WHAT YOU SHOULD DO: Lines from the one with "City Scape Sunrise Photograph by Sarah McKoy" through the end of the records, and no others, are what the answer should contain, copied exactly; please keep pictures out.

MATERIAL SHOWN:
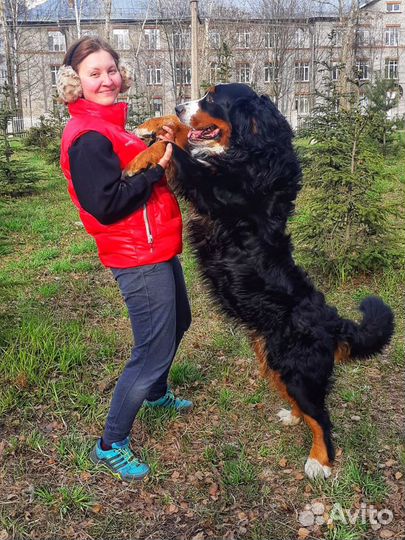 Передержка животных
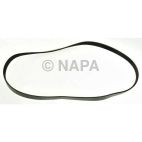 Accessory Drive Belt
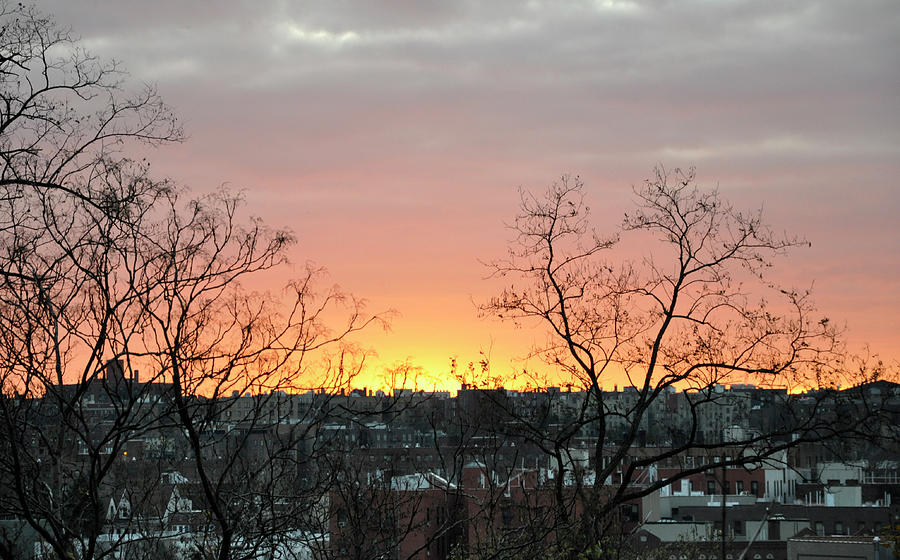 City Scape Sunrise Photograph by Sarah McKoy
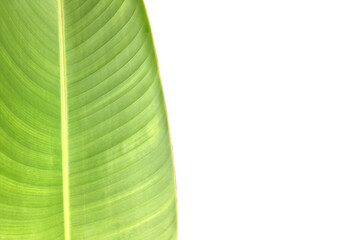 Isolated heliconia tortuosa leaf with clipping paths.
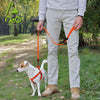 DOCO® 6ft Signature Nylon Dog Leash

YOUR SOLUTION:
 City Scape Sunrise Photograph by Sarah McKoy
 Isolated heliconia tortuosa leaf with clipping paths.
 DOCO® 6ft Signature Nylon Dog Leash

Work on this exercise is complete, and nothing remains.